● **RECORDED INFORMATION**:
+ + + + + + +

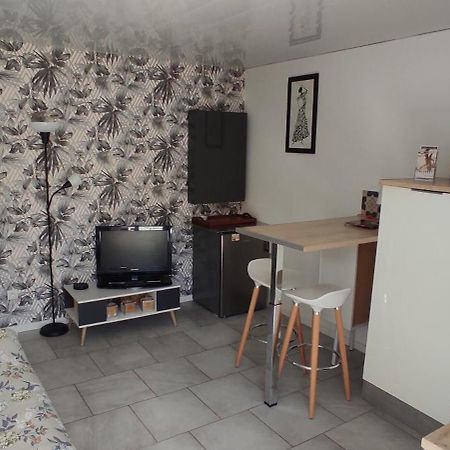 Bel appartement cosy indépendant, jolie terrasse Montpellier Exterior foto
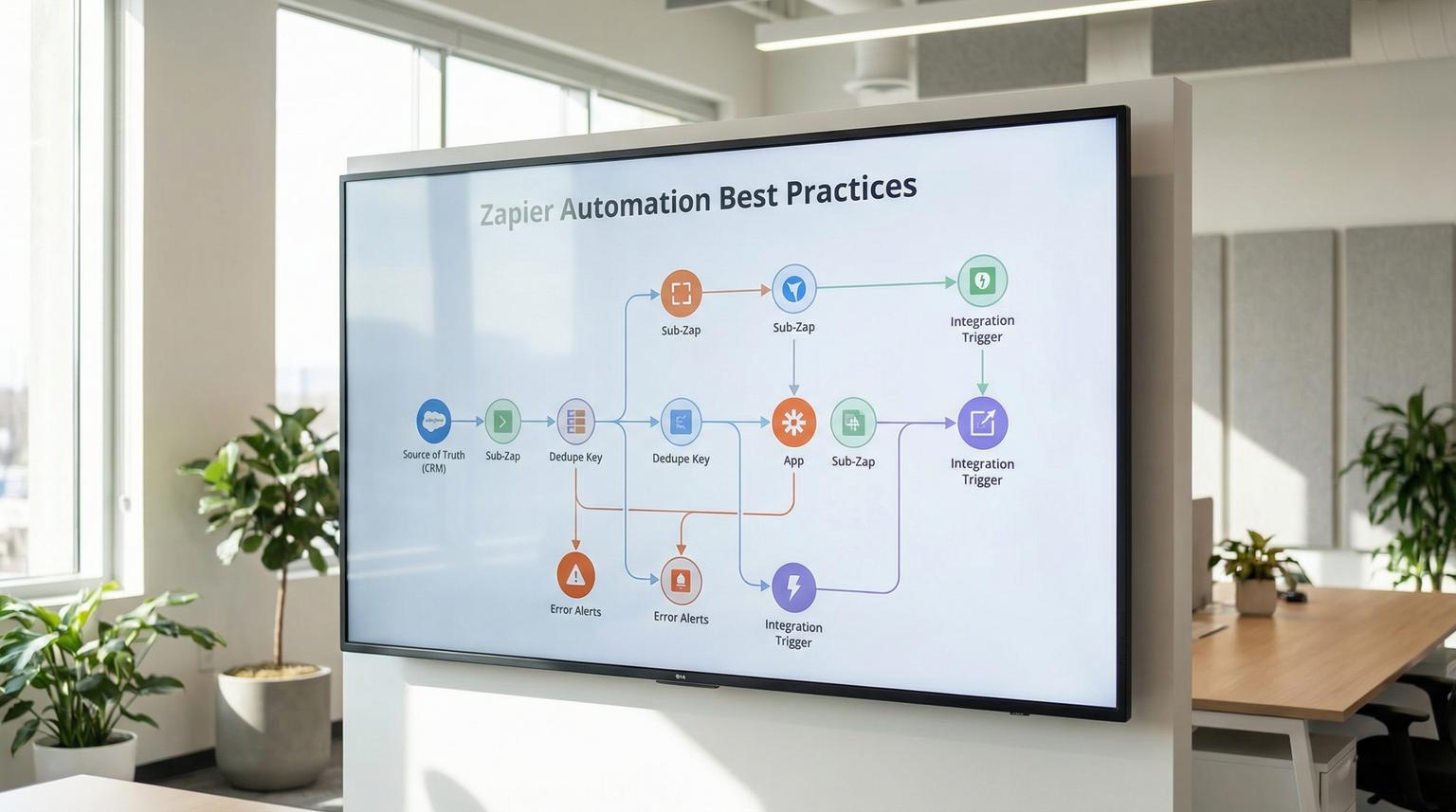 Zapier Automation Best Practices: Design Reliable, Scalable Workflows That Save Time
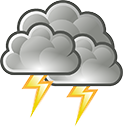 thunderstorm logo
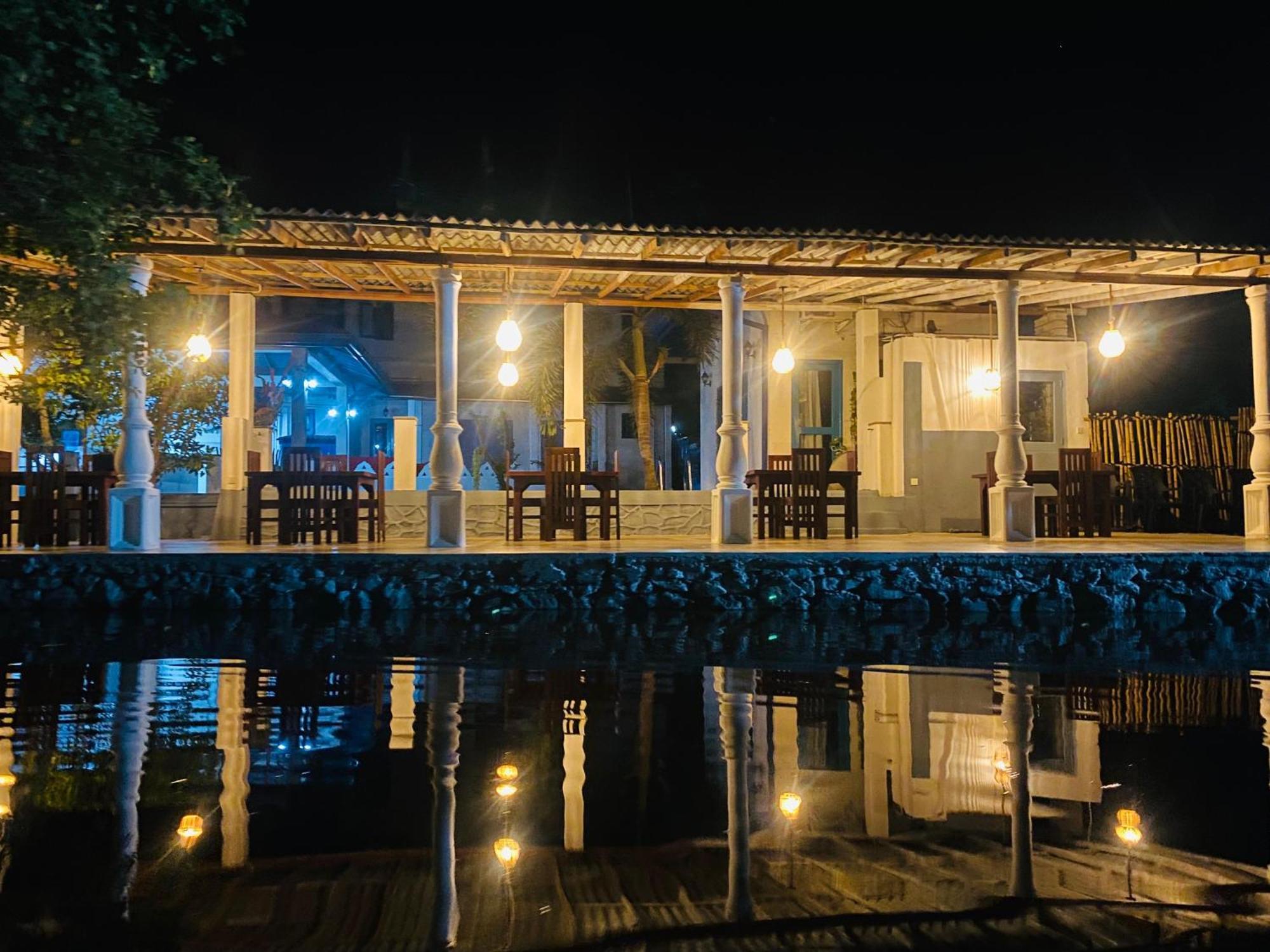 Seth Villa By Magampura Resorts Tangalle Buitenkant foto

+ + + + + + +

● **WHAT THE TASK REQUIRES**: The job is to return the listing above exactly, minus its pictures.

● **FINISHED EXERCISE**:
 Bel appartement cosy indépendant, jolie terrasse Montpellier Exterior foto
 Zapier Automation Best Practices: Design Reliable, Scalable Workflows That Save Time
 thunderstorm logo
 Seth Villa By Magampura Resorts Tangalle Buitenkant foto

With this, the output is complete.